### Directions
Repeat the records in full and exactly, omitting pictures.

*** Task input Section Begins ***

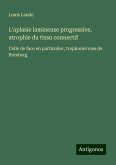 L'aplasie lamineuse progressive, atrophie du tissu connectif L'aplasie lamineuse progressive, atrophie du tissu connectif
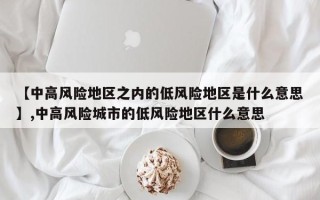 【中高风险地区之内的低风险地区是什么意思】,中高风险城市的低风险地区什么意思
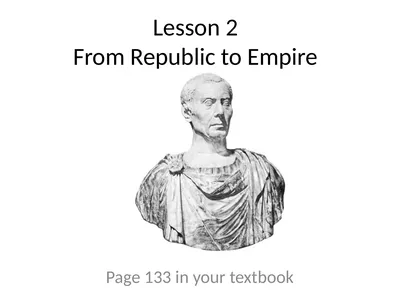 Lesson 2 From Republic to Empire Page 133 in your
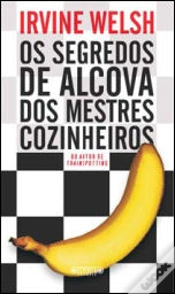 Capa do artigo Os Segredos de alcova dos mestres cozinheiros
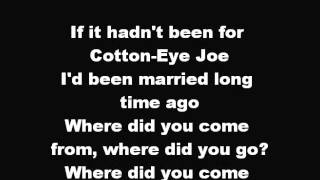 Rednex  Cotton Eye Joe  Lyrics [upl. by Blessington]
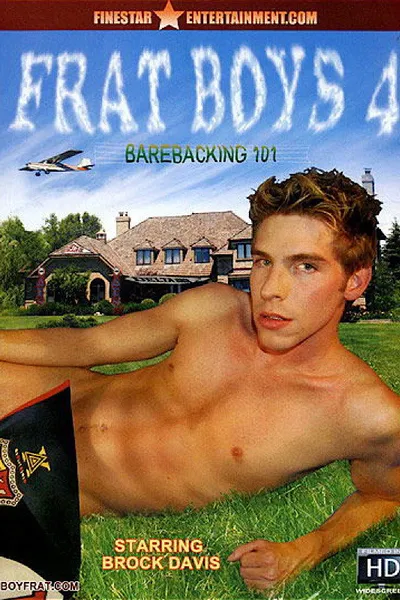 Frat Boys 4: Barebacking 101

*** Task input Section Ends ***

### Completed exercise
 L'aplasie lamineuse progressive, atrophie du tissu connectif L'aplasie lamineuse progressive, atrophie du tissu connectif
 【中高风险地区之内的低风险地区是什么意思】,中高风险城市的低风险地区什么意思
 Lesson 2 From Republic to Empire Page 133 in your
 Capa do artigo Os Segredos de alcova dos mestres cozinheiros
 Rednex  Cotton Eye Joe  Lyrics [upl. by Blessington]
 Frat Boys 4: Barebacking 101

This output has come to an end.